Si les femmes ont toujours aussi utilisé le deq à des fins cosmétiques, le tatouage avait bien souvent une dimension spirituelle : “La croyance veut que quand le corps est brodé de tatouages, l’âme l’est aussi”, ajoute-t-il.

Un savoir-faire à transmettre

L’encre utilisée traditionnellement dans le deq diffère d’une communauté à l’autre. Le mélange peut inclure des herbes, de la suie provenant de lampes, et le plus souvent de la vésicule biliaire de mouton, le tout ajouté à du lait maternel.

Ce lait doit de préférence être celui d’une femme allaitant une fille – d’après les croyances, l’encre fabriquée à partir du lait produit pour un garçon donne une couleur moins intense et la plaie cicatrise moins vite.

“Rien que la fabrication de l’encre recèle une mine de connaissances, commente Fatê Temel. Pourquoi les femmes choisissaient-elles telle ou telle herbe ? Et le lait d’une mère allaitant un bébé de sexe féminin ? Je n’ai pas envie de faire du tatouage moderne, je veux faire du deq comme autrefois pour que ce savoir soit préservé dans toute son intégrité.”

Dans les vieilles ruelles de Sur, Fatê file, reconnaissable à son visage tatoué et à sa robe qui vole derrière elle dès qu’un souffle de vent vient apaiser la chaleur sèche qui écrase Diyarbakir.

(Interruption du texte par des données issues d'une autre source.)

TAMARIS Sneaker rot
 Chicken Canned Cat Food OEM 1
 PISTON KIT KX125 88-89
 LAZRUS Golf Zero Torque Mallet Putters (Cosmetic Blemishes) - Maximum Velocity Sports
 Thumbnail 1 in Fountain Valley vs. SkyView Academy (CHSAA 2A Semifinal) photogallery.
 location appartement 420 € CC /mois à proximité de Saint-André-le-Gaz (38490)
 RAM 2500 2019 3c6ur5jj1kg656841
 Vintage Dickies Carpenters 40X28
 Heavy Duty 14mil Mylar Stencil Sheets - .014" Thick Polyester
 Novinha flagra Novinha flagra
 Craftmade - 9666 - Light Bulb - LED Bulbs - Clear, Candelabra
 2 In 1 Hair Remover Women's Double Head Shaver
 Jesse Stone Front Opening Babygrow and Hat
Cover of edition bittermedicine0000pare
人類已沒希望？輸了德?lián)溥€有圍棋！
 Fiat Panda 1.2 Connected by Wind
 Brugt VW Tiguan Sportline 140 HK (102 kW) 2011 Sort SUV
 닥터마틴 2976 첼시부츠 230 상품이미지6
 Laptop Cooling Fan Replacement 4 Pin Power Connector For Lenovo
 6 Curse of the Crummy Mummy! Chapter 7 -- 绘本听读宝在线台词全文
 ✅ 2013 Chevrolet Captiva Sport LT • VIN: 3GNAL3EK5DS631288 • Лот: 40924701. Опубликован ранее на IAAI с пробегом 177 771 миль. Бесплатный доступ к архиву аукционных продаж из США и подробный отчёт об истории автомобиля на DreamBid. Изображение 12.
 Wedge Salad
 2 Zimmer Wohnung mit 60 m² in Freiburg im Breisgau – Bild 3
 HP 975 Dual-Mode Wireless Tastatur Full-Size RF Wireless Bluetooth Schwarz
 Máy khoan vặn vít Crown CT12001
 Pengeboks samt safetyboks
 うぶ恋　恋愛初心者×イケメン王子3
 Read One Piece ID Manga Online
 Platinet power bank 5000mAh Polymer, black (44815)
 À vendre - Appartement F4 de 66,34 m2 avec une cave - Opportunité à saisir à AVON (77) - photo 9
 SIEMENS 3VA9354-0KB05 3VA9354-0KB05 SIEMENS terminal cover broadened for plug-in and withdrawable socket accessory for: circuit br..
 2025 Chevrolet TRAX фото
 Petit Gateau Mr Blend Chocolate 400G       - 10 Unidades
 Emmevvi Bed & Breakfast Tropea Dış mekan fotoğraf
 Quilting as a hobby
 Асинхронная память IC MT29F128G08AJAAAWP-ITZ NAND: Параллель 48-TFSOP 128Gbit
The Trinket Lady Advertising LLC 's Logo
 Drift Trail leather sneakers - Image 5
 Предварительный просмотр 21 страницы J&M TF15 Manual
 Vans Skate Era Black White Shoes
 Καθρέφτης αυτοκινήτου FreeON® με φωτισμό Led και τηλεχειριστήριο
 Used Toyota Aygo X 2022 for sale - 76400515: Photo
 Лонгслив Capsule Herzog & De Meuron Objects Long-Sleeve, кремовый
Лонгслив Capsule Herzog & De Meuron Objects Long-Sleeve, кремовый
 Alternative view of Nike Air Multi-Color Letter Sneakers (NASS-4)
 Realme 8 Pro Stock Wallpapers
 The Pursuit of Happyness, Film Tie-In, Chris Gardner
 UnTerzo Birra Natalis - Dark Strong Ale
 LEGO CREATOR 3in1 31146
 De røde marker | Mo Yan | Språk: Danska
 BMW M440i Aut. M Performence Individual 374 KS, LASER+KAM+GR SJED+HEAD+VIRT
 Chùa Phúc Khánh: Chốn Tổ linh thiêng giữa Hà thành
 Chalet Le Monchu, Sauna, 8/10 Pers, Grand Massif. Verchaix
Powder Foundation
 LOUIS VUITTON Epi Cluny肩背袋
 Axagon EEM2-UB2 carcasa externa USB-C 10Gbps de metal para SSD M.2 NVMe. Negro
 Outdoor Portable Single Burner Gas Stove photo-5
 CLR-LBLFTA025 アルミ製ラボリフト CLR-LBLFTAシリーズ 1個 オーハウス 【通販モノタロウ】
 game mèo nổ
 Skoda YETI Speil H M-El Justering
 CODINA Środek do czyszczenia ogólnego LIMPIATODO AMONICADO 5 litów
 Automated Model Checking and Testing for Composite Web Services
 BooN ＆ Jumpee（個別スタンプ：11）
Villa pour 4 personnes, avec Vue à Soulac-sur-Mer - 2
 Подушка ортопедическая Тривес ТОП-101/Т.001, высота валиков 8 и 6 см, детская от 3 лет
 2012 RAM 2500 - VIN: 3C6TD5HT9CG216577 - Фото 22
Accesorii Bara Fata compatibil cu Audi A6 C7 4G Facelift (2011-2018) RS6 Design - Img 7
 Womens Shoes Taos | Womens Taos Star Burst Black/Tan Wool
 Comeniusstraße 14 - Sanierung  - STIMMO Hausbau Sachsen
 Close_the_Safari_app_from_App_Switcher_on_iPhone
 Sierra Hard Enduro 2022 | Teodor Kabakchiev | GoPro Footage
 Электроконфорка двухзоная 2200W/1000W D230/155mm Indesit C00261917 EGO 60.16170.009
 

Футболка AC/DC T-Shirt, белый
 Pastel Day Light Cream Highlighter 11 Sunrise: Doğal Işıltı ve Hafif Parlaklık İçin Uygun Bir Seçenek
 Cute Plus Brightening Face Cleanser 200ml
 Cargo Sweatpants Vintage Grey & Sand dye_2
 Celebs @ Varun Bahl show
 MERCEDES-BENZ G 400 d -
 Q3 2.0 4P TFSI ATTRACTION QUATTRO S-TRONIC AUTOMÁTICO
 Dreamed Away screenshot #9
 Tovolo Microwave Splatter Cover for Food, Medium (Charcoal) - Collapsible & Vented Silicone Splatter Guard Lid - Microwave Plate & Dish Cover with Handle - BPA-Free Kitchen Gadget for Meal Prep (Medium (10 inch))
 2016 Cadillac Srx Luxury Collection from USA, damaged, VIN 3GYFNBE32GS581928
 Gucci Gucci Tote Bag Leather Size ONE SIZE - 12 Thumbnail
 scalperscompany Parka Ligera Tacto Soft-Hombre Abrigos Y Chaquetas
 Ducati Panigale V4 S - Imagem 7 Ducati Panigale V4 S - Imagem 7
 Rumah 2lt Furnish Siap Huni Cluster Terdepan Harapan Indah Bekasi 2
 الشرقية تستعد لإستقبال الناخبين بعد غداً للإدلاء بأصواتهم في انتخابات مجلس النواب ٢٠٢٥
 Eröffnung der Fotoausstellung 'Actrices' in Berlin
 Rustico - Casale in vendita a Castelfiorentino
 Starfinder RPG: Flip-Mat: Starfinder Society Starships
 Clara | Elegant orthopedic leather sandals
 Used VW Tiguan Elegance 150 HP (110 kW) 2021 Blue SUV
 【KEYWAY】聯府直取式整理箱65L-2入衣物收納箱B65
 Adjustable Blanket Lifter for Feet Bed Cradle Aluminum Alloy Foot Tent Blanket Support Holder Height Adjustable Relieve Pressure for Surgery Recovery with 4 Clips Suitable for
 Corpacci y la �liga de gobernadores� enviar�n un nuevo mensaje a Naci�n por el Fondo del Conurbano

Elle marche à grandes enjambées sur les pavés, passe devant un restaurant d’où s’échappent les voix de chanteurs kurdes et la douce mélodie du baglama, un luth traditionnel. Non loin se trouve son studio. Il y a encore un peu plus d’un an, le lieu servait de débarras. Mais son propriétaire a permis à la jeune femme de l’aménager pour en faire son studio de tatouage, et les murs sont désormais ornés de photos de femmes et d’hommes kurdes arborant des deq sur le visage, les jambes et les mains.

“Perpétuer la tradition”

La tradition du deq a bien failli se perdre, mais la jeunesse kurde, résolue à défendre son identité, s’est emparée du tatouage traditionnel. Fatê Temel accueille ainsi au moins deux ou trois clients par jour, et le plus souvent ce sont des jeunes Kurdes ; un deq coûte chez elle près de 200 livres turques [environ 10 euros]. Et sans surprise, le motif le plus demandé est le soleil.

PhotoPHOTO JACLYNN ASHLY/AL JAZEERA

Ali Ozmen a 28 ans et il a fait 230 kilomètres depuis la ville de Cizre, dans la province de Sirnak, pour se rendre chez Fatê Temel. S’il a choisi le soleil, dit-il, c’est parce que “c’est le symbole le plus important pour le peuple kurde. En me faisant tatouer ces symboles, j’ai le sentiment de contribuer, dans ma chair, à perpétuer la tradition.”

Rozerin Soysal, 21 ans, vient pour la deuxième fois se faire tatouer chez Fatê Temel – un soleil aussi. Son premier deq, à l’intérieur du poignet, est un symbole de loyauté, utilisé traditionnellement par les femmes craignant que leur mari n’en épouse une autre. Son ex-petit ami l’avait trompée. Rozerin avait le cœur brisé : “J’ai fait ce tatouage dans l’espoir que cela ne m’arriverait plus jamais.”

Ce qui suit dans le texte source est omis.